I piccoli popoli che tuttora si ribellano a questa visione del mondo vengono tacciati di arretratezza e primitivismo. Accusa che ha da sempre sostenuto ogni tipo di colonialismo. Dobbiamo invece essere consapevoli che altre culture, oggi minoritarie, hanno impostato da sempre un altro modo di accostarsi al creato. Più empatico, rispettoso, osmotico. Su questi aspetti sono rivolte oggi, ad esempio, le lotte dei popoli indigeni sudamericani che si battono contro la devastazione cui vengono sottoposti i territori da loro abitati dai primordi della storia in nome del cosiddetto estrattivismo. Ricordo come il salesiano padre Silvio Broseghini era fortemente affascinato dalle comunità presso cui aveva scelto di vivere la sua missione, gli Achuar, indigeni amazzonici dell’Ecuador del gruppo Jivaro, e come il loro animismo fosse consistente in un profondo rapporto con la natura, nella configurazione delle creature organiche (animali, piante) e inorganiche (minerali, acque, ecc.).

Il popolo Nuba vive in zone montagnose ed impervie, e negli ultimi decenni si è trovato stretto tra l’immane genocidio del Darfur (Sudan), le tensioni del Kenya e la fragile tregua nel Ciad. Nei poveri e dignitosi villaggi Nuba si coltivano sesamo, cipolle e arachidi e sono numerosi gli agglomerati abitati stritolati nella guerra tra il regime arabo fondamentalista di Khartoum e i ribelli neri e animisti del sud. Ora che è tornata una relativa calma, finalmente, c’è fervore per riprendere le attività quotidiane, coltivare i terreni -non prima di averli sminati: un’attività pericolosissima.

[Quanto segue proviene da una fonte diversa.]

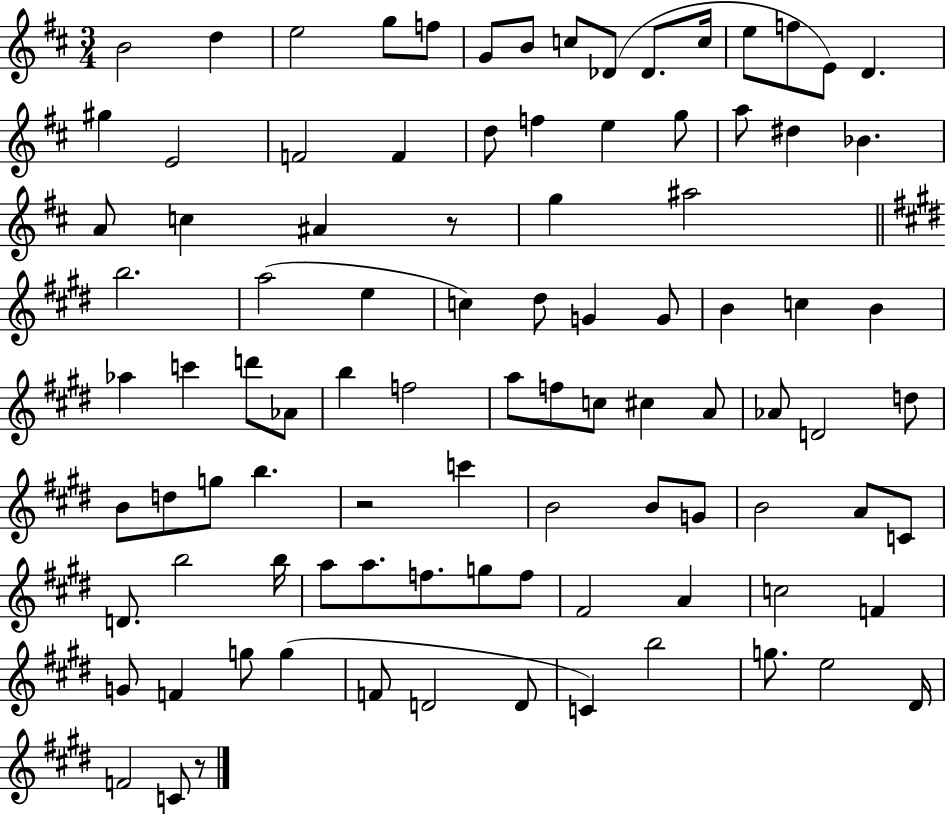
B4/h D5/q E5/h G5/e F5/e G4/e B4/e C5/e Db4/e Db4/e. C5/s E5/e F5/e E4/e D4/q. G#5/q E4/h F4/h F4/q D5/e F5/q E5/q G5/e A5/e D#5/q Bb4/q. A4/e C5/q A#4/q R/e G5/q A#5/h B5/h. A5/h E5/q C5/q D#5/e G4/q G4/e B4/q C5/q B4/q Ab5/q C6/q D6/e Ab4/e B5/q F5/h A5/e F5/e C5/e C#5/q A4/e Ab4/e D4/h D5/e B4/e D5/e G5/e B5/q. R/h C6/q B4/h B4/e G4/e B4/h A4/e C4/e D4/e. B5/h B5/s A5/e A5/e. F5/e. G5/e F5/e F#4/h A4/q C5/h F4/q G4/e F4/q G5/e G5/q F4/e D4/h D4/e C4/q B5/h G5/e. E5/h D#4/s F4/h C4/e R/e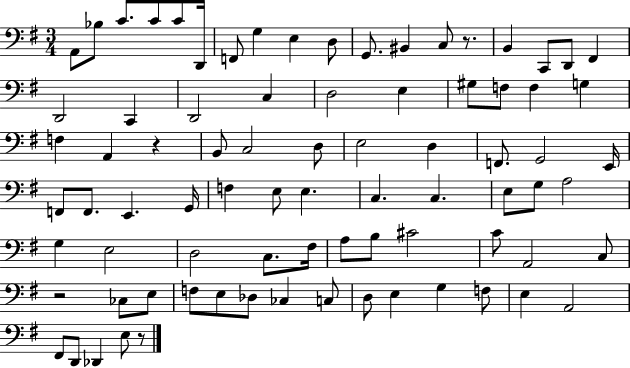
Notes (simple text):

A2/e Bb3/e C4/e. C4/e C4/e D2/s F2/e G3/q E3/q D3/e G2/e. BIS2/q C3/e R/e. B2/q C2/e D2/e F#2/q D2/h C2/q D2/h C3/q D3/h E3/q G#3/e F3/e F3/q G3/q F3/q A2/q R/q B2/e C3/h D3/e E3/h D3/q F2/e. G2/h E2/s F2/e F2/e. E2/q. G2/s F3/q E3/e E3/q. C3/q. C3/q. E3/e G3/e A3/h G3/q E3/h D3/h C3/e. F#3/s A3/e B3/e C#4/h C4/e A2/h C3/e R/h CES3/e E3/e F3/e E3/e Db3/e CES3/q C3/e D3/e E3/q G3/q F3/e E3/q A2/h F#2/e D2/e Db2/q E3/e R/e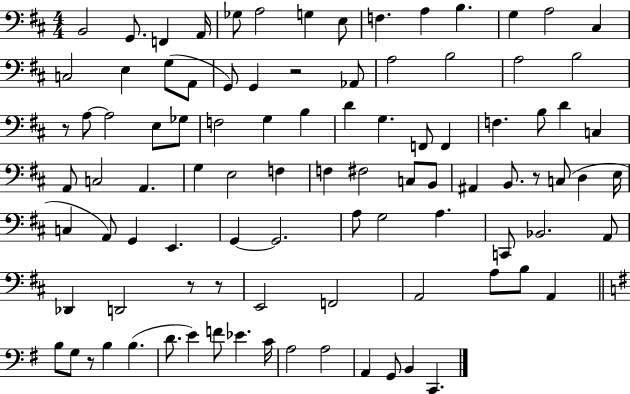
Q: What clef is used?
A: bass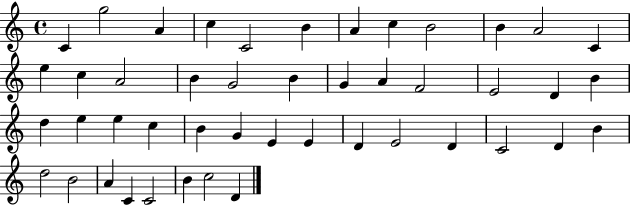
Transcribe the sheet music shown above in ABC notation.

X:1
T:Untitled
M:4/4
L:1/4
K:C
C g2 A c C2 B A c B2 B A2 C e c A2 B G2 B G A F2 E2 D B d e e c B G E E D E2 D C2 D B d2 B2 A C C2 B c2 D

Toccano alle donne i lavori più faticosi come attingere l’acqua dai pozzi per portare i recipienti alle capanne, accudire i numerosi figli. I Nuba sono un popolo orgoglioso e fiero. Il comboniano padre Kizito Sesana è stato per tanti anni della sua missione tra i Nuba e ne ha sempre parlato con grandissimo rispetto come di gente resiliente, sottoposta a inimmaginabili soprusi come quello di essere stata costretta ad un continuo “esilio” – spostamenti forzati – interno e di aver conservato sempre, nonostante tutto, la capacità di ricominciare e di non perdere la speranza.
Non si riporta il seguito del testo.